Merging #448 (5b2cb4a) into dev (e43160f) will decrease coverage by
0.05%
. The diff coverage is77.50%
.
@SimFG Excuse me,do you have any plan on releasing this PR ? Now we have encountered similar problems.
@Laarryliu The latest release should have included this change. You can try the latest version.
What is it: For GPTCache to work correctly, the cache store and vector store must be in sync with each other, i.e., any discrepency between the two will cause erroneous cache hit and consequently return incorrect response back to user. There exists many reasons to cause both store out of sync with each other unintentionally in live production environment, therefore the consistency between cache store and vector store should be explictly checked instead of taking for granted, so that we add fault tolerance into the system by design.

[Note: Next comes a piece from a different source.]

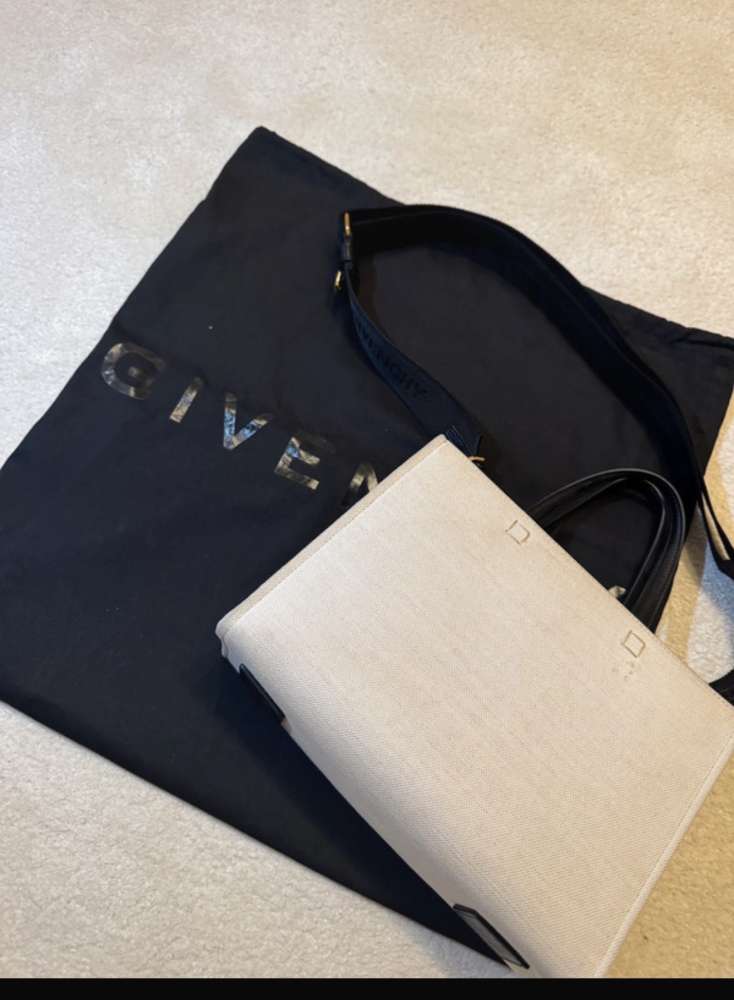 Givenchy taška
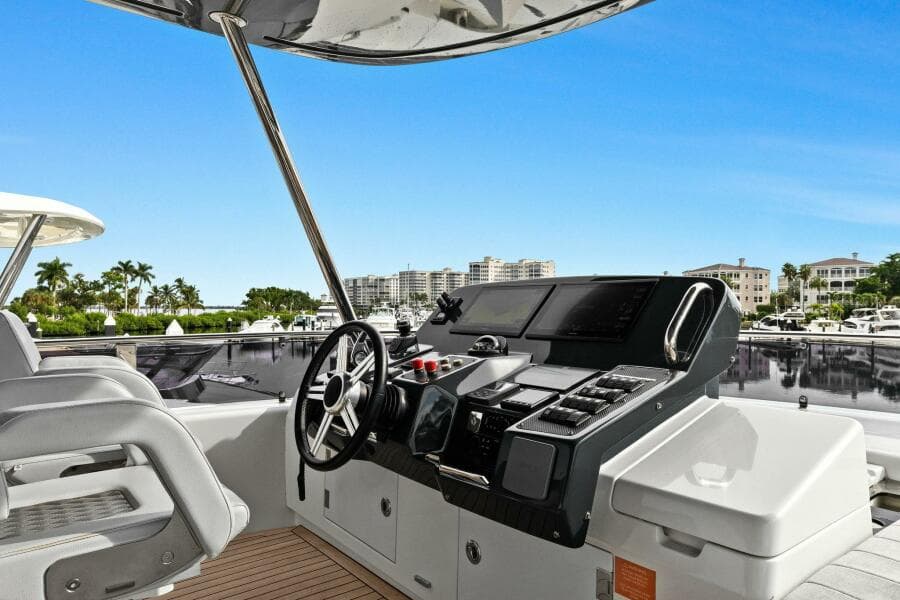 2021 Sirena 64- DESTIN-E- Flybridge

This feature address this by adding cache self-check into SearchDistanceEvaluation Class. In the event of inconsistency is found, not only preventing wrong response sent to user, cache can also self-heal by replacing problematic entries such that the cache will achieve in-sync gradually over time.
How it works: we check embeddings from vector store and embeddings from cache store by same ID, they should be identical if both stores are in sync, otherwise out-of-sync is detected. When out-of-sync is detected, we manipute distance returned by vector search to infinity to prevent cache hit. At same time, we replace the out-of-sync entry in vector store by ID and embeddings from the cache store, so next timer around, we don't have this out-of-sync entry any more.
How to use it: unit test file is provided to showcase GPTCache bebaviour with & without this feature. This feature is turned off by default so it is compatible with existing codebase. For start, this feature has been implmented for Chroma & Milvus vector store respectively.